## Exercise data:

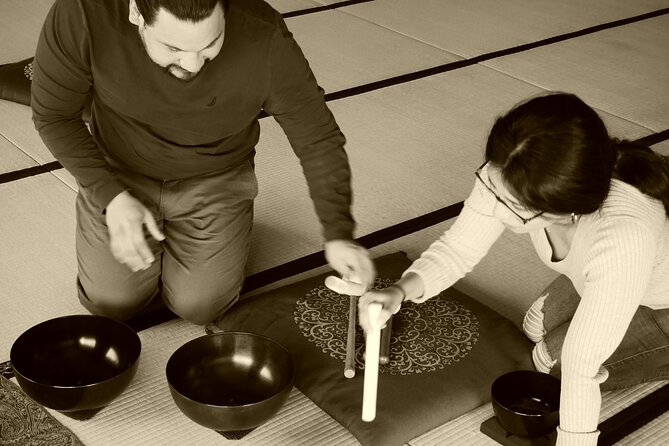 Private Japanese Sound Bath in Kyoto - Who will get the most from this Kyoto activity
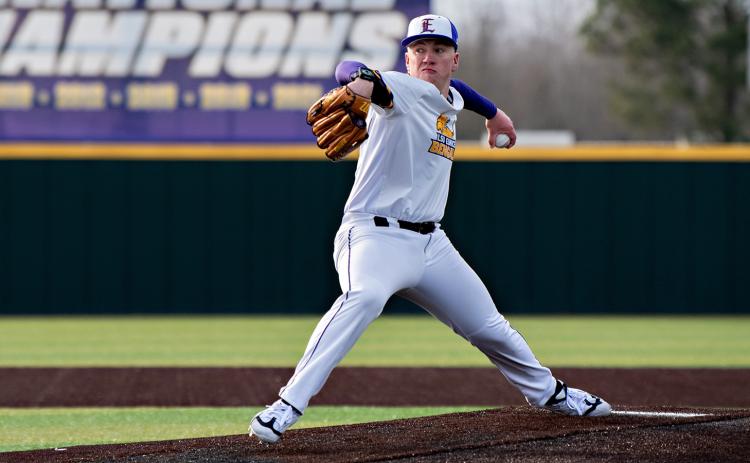 LSUE Bengals McCray Jacobs. (Photo submitted)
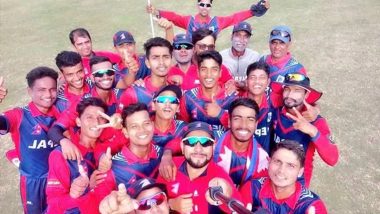 How to Watch Nepal U19 vs Kuwait U19, U19 Asia Cup 2021 Live Streaming Online? Get Free Live Telecast of Cricket Match & Score Updates on TV in India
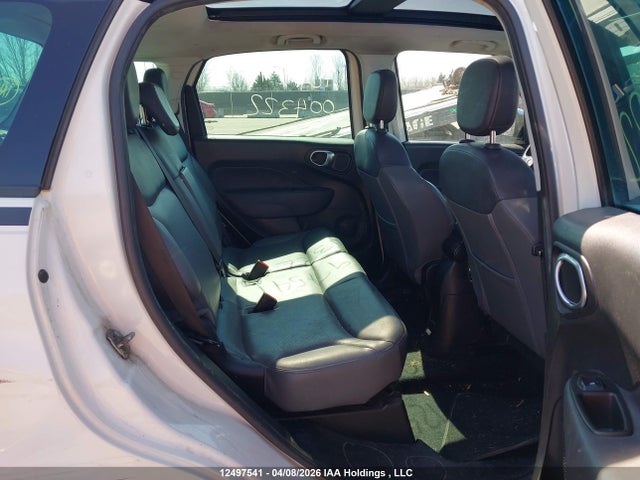 Fiat 500l Lounge 2014 ZFBCFACH6EZ004322 Image 8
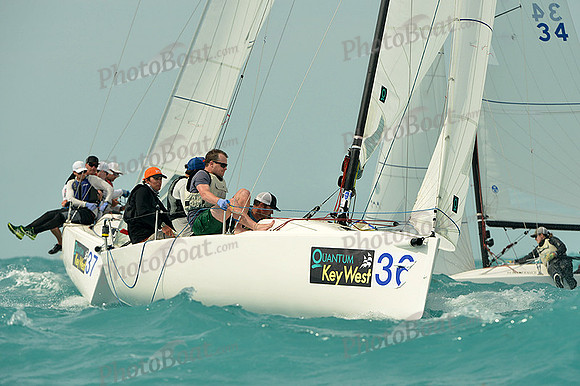 2015 Key West Race Week E 2110
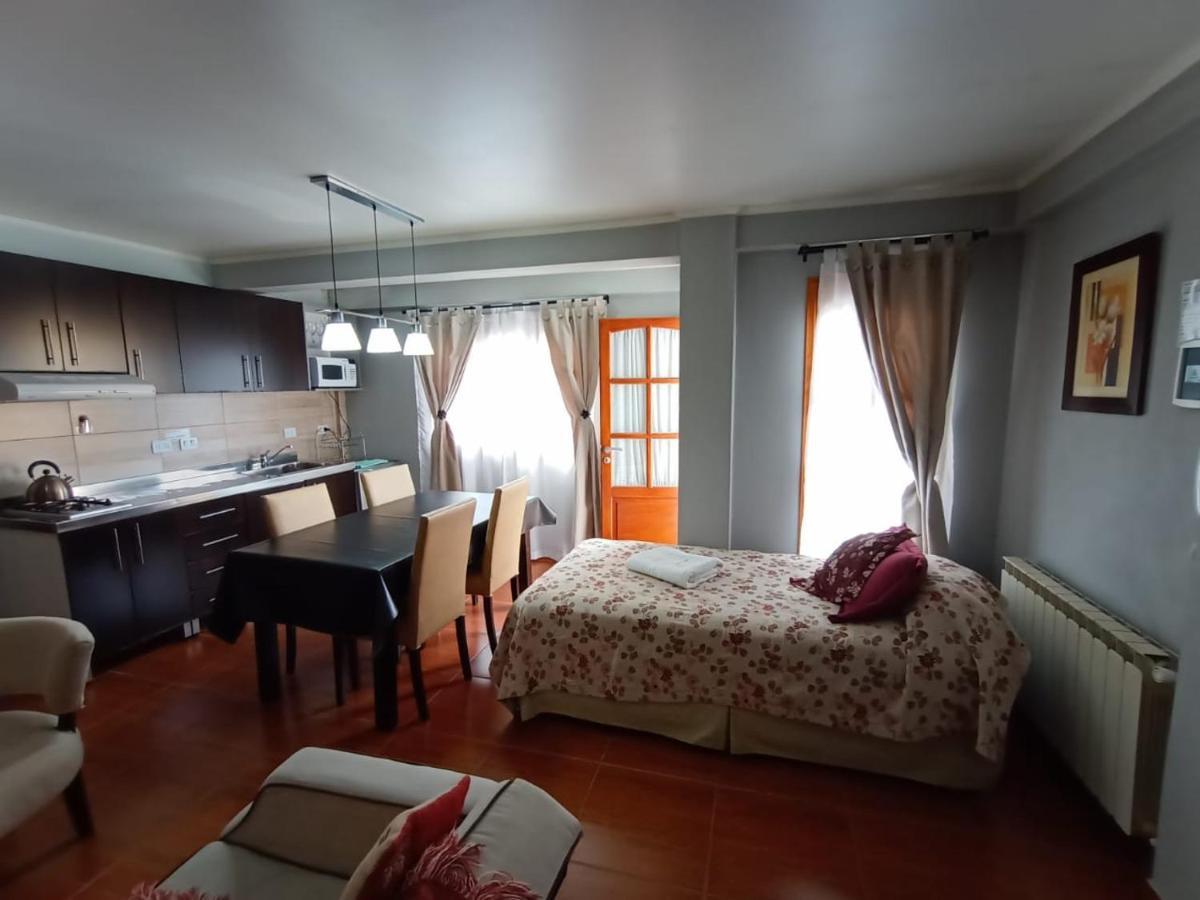 Aparthotel Cabo San Diego Ushuaia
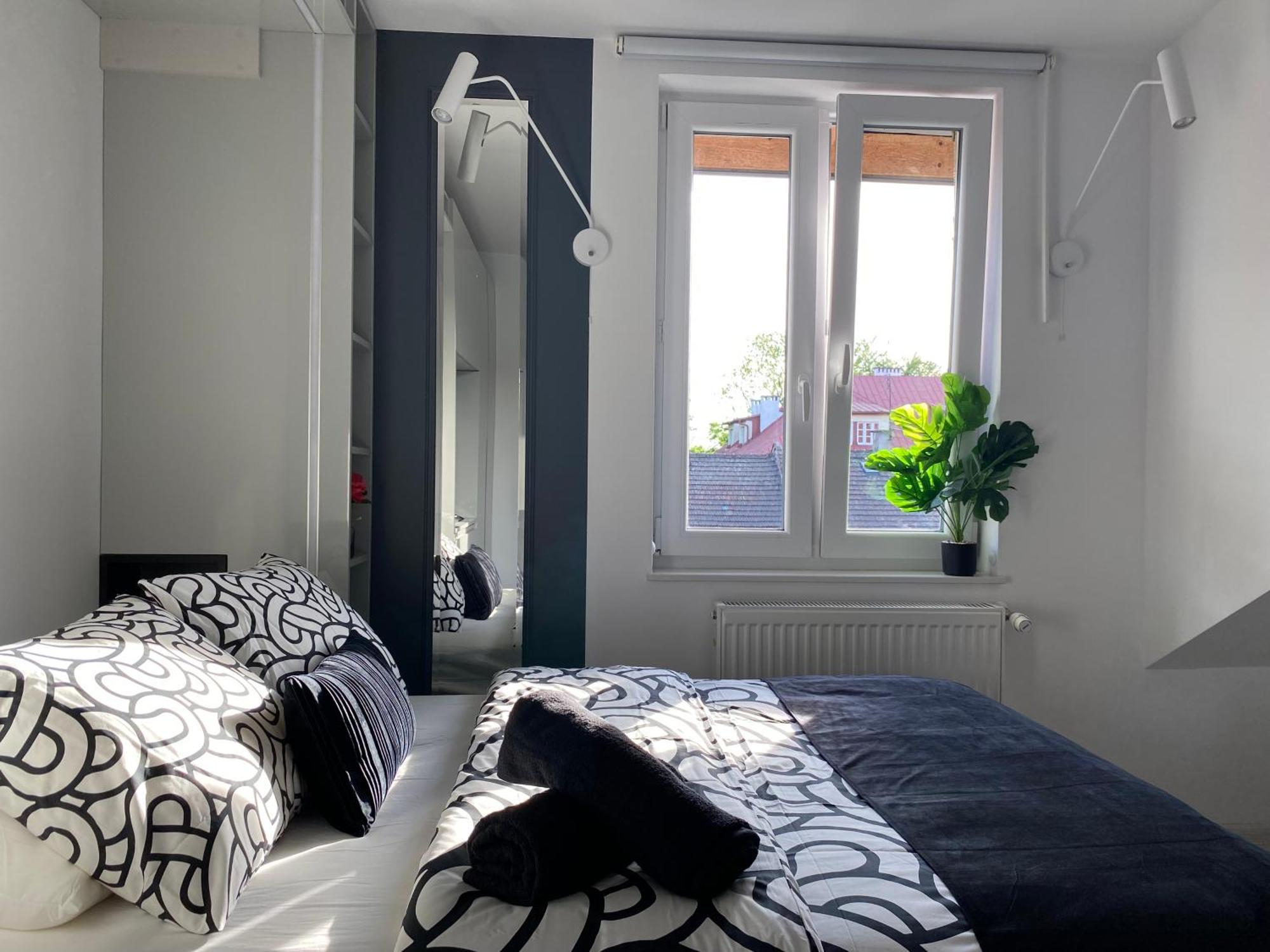 Lovers' Loft In - Orawska 7 Cracóvia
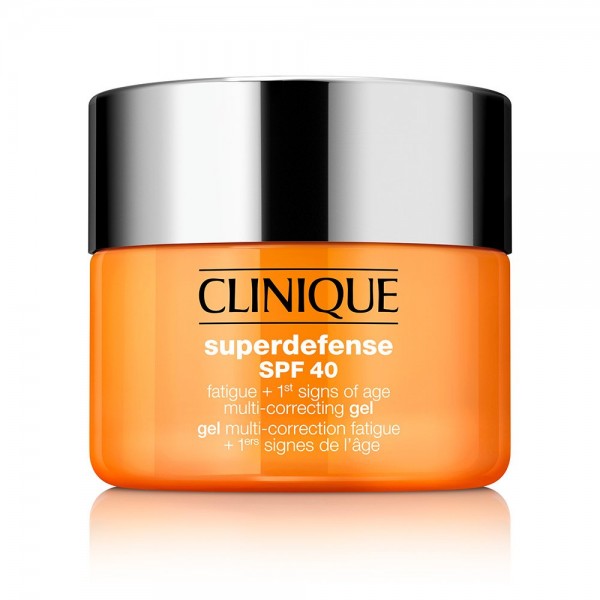 CLINIQUE Superdefense Gel SPF40 Anti Aging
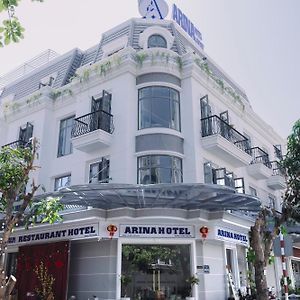 Arina Hotel Tay Ninh Exterior photo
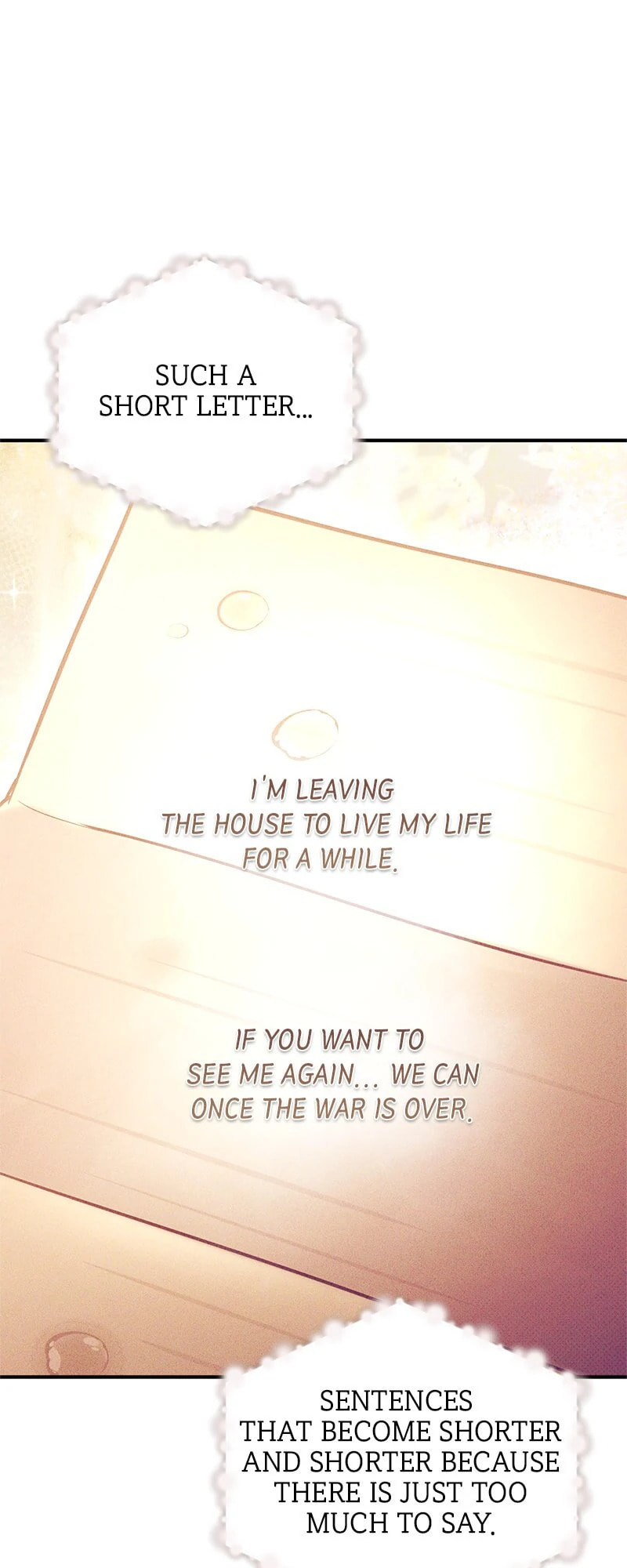 Solo For Two Chapter 74 page 67 - 
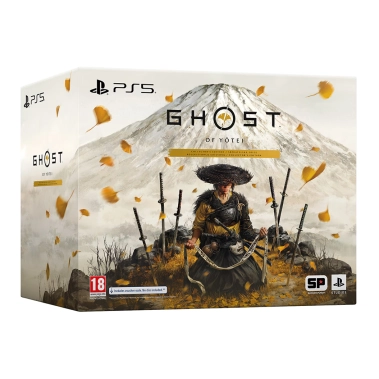 Игра Ghost of Yotei Collector Edition для PS5 (1000048818) - цена, характеристики, отзывы, рассрочка, фото 1
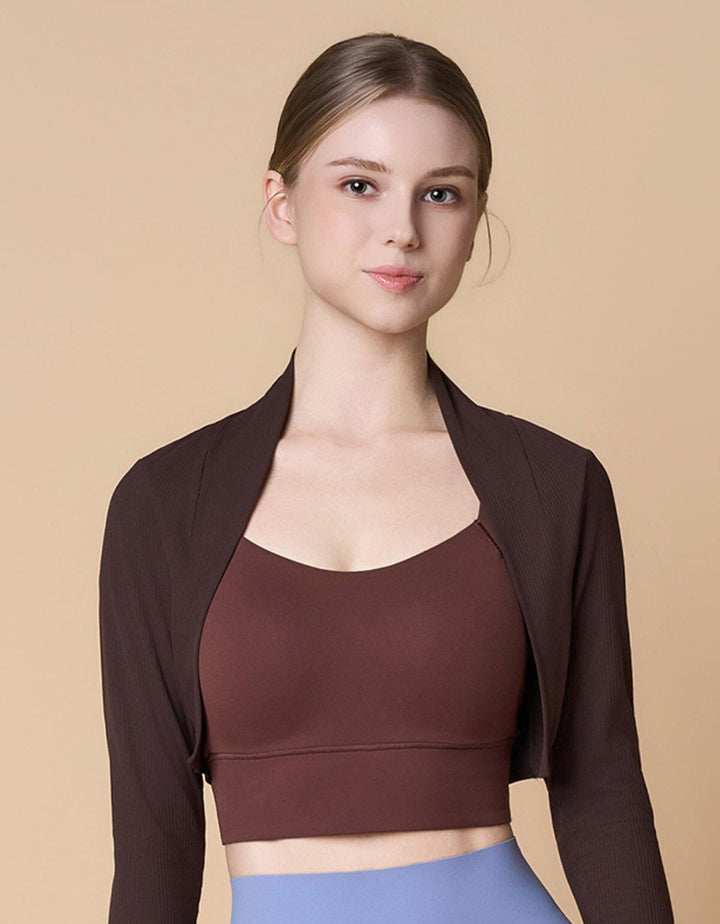 Skin Feel Medium Impact Sports Bra Medium Impact Her own words SPORTS 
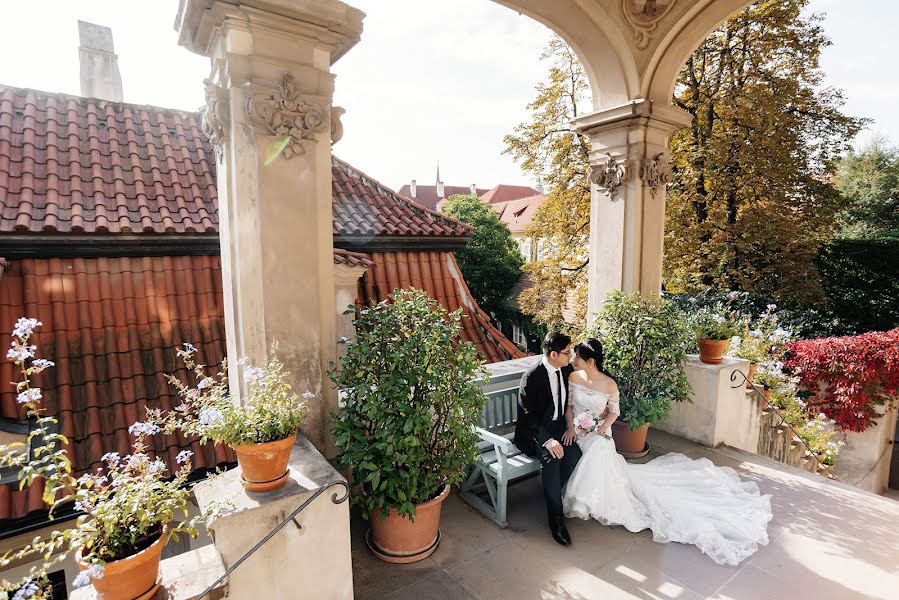 Fotografo di matrimoni Viktor Zdvizhkov (zdvizhkov). Foto del 15 aprile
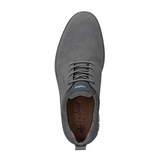 Rieker Dustin 50 Lace Up (Men) - Cenere/Denim/Rauch Dress-Casual - Oxford - The Heel Shoe Fitters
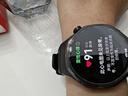 華為（HUAWEI）手表WATCH GT 6 Pro【咨詢(xún)享優(yōu)惠】運動(dòng)智能兩周續航藍牙通話(huà)體溫血氧心率監測健康送男女朋友禮物 46mm曜石黑【皮表帶+貼膜】 曬單實(shí)拍圖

## Exercise aim:
When you copy the data above, reproduce each line exactly and skip every image.

## Answer section:
 Private Japanese Sound Bath in Kyoto - Who will get the most from this Kyoto activity
 LSUE Bengals McCray Jacobs. (Photo submitted)
 How to Watch Nepal U19 vs Kuwait U19, U19 Asia Cup 2021 Live Streaming Online? Get Free Live Telecast of Cricket Match & Score Updates on TV in India
 Fiat 500l Lounge 2014 ZFBCFACH6EZ004322 Image 8
 2015 Key West Race Week E 2110
 Aparthotel Cabo San Diego Ushuaia
 Lovers' Loft In - Orawska 7 Cracóvia
 CLINIQUE Superdefense Gel SPF40 Anti Aging
 Arina Hotel Tay Ninh Exterior photo
 Solo For Two Chapter 74 page 67 - 
 Игра Ghost of Yotei Collector Edition для PS5 (1000048818) - цена, характеристики, отзывы, рассрочка, фото 1
 Skin Feel Medium Impact Sports Bra Medium Impact Her own words SPORTS 
 Fotografo di matrimoni Viktor Zdvizhkov (zdvizhkov). Foto del 15 aprile
 Rieker Dustin 50 Lace Up (Men) - Cenere/Denim/Rauch Dress-Casual - Oxford - The Heel Shoe Fitters
 華為（HUAWEI）手表WATCH GT 6 Pro【咨詢(xún)享優(yōu)惠】運動(dòng)智能兩周續航藍牙通話(huà)體溫血氧心率監測健康送男女朋友禮物 46mm曜石黑【皮表帶+貼膜】 曬單實(shí)拍圖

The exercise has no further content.